Por que é que o Congresso norte-americano não discute e aprova uma resolução sobre os crimes dos franceses na Argélia? Estas discussões e resoluções são selectivas. Se não se limitassem ao que os otomanos fizeram [entre 1915-17] seriam mais convincentes.
Na Turquia há um grande desapontamento, que se estende ao Estado turco, porque só há uns dez anos permitiu a discussão pública desta questão. Nas escolas estatais, os livros de História ainda não referem o que aconteceu aos arménios. É uma filosofia educativa errada. Há muito que devia ter sido mudada.

Retrato de duas famílias arménias, os Selian e os Gulbenkian, em Mersin, no antigo Império Otomano, actual Turquia, em 1906
© Project SAVE Armenian Photograph Archive, Watertown, Massachusetts (EUA) | ushmm.org
O que impediu a discussão?
Os turcos sempre se viram como vítimas das grandes potências e responsabilizam as grandes potências pelo que aconteceu aos arménios. Os arménios tentaram criar o seu próprio Estado num território que era maioritariamente habitado por muçulmanos e não por arménios.
A Arménia histórica é hoje o Curdistão. As pessoas que queriam criar uma Arménia não tiveram em conta o facto de que viviam entre uma maioria de muçulmanos, muitos deles curdos.
Sim, houve massacres e deportações, mas o conceito de genocídio é moderno. Começou a ser usado em 1948. A lei internacional não permite a aplicação de um veredicto, retroactivamente, a um tempo em que não existia esse conceito.
Os turcos receiam que os arménios na diáspora, sobretudo nos Estados Unidos e em França, reclamem território – o que, aliás, estão a fazer.
Os turcos aceitam pedir desculpas e até acolher e oferecer cidadania aos arménios que quiserem regressar, mas o Estado turco, enquanto existir na sua forma actual, jamais reconhecerá o genocídio arménio. Isso não quer dizer que a questão não seja discutida e que não procuremos uma melhor compreensão mútua.
Em 2005, tivemos uma conferência [Os Arménios Durante o Colapso do Império Otomano, realizada na Universidade de Bogazici, em Istambul] para a qual convidámos arménios. Eu uso o termo “genocídio” nas minhas aulas. Mas uso-o num sentido moral, não no sentido legal. Digo que foi cometido um grande crime, e compreendo a posição arménia.

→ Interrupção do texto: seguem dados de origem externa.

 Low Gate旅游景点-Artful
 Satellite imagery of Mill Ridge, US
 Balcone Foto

Não tenho medo de usar o termo “genocídio”, e de o usar aqui, na Turquia. Mas eu pertenço a um grupo pequeno, porque a maioria ainda não aceita essa definição. E não aceitará se continuar a ser imposta por parlamentos estrangeiros.
Acha que a resolução vai prejudicar o processo de reconciliação em curso entre turcos e arménios?

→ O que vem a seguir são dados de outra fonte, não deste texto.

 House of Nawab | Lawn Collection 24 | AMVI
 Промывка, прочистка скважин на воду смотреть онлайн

Acho que sim. Os turcos e arménios estavam prestes a restabelecer laços diplomáticos. Estavam a negociar. Os turcos pediam algumas concessões quanto ao Nagorno-Karabach [enclave no Azerbaijão controlado pela Arménia] porque sentem que têm o dever de proteger os azeris [turcófonos e muçulmanos]; os arménios, por seu lado, também faziam as suas reivindicações. Este já era um processo difícil, mas esta resolução nos EUA pode ser interpretada como uma grande ingerência.
Quando se sentarem à mesa das negociações, os arménios já não se sentirão receptivos a ceder, porque sentem que têm os EUA do seu lado. Quanto aos turcos, vão tornar-se ainda mais racionalistas, porque os nacionalistas nunca aceitarão estas pressões, o que afecta o processo de reconciliação.

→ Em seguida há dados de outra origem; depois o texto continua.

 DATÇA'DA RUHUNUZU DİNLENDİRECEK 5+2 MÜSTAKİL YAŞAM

E qual será o impacto para as relações entre os Estados Unidos e a Turquia?
É óbvio que as relações vão continuar a existir, mesmo que os EUA reconheçam oficialmente o genocídio – embora eu não acredite que isso vá acontecer. Mesmo que todo o Senado aprovasse a resolução e que esta fosse subscrita pelo Presidente, as relações bilaterais não mudariam de um dia para o outro nem a Turquia abandonaria a NATO.
Mas há analistas a admitir que a Turquia poderá restringir o uso das bases norte-americanas ou rever a sua participação militar no Afeganistão.
Admito que, se o Presidente Obama reconhecer oficialmente o genocídio no seu discurso de 24 de Abril [a data assinalada pelos arménios], talvez os turcos limitem, ou até encerrem, a base militar de Incirlik. Mas os turcos que estão no Afeganistão não são tropas de combate. Estão lá para dar assistência, e vão lá continuar, mesmo que os EUA se retirem.
Não há dúvidas quanto a isso. Não creio que Obama vá longe de mais. E, mesmo que vá, não será uma catástrofe para os turcos, até porque a opinião pública já não é muito favorável aos EUA (se isso é certo ou errado, é outra coisa).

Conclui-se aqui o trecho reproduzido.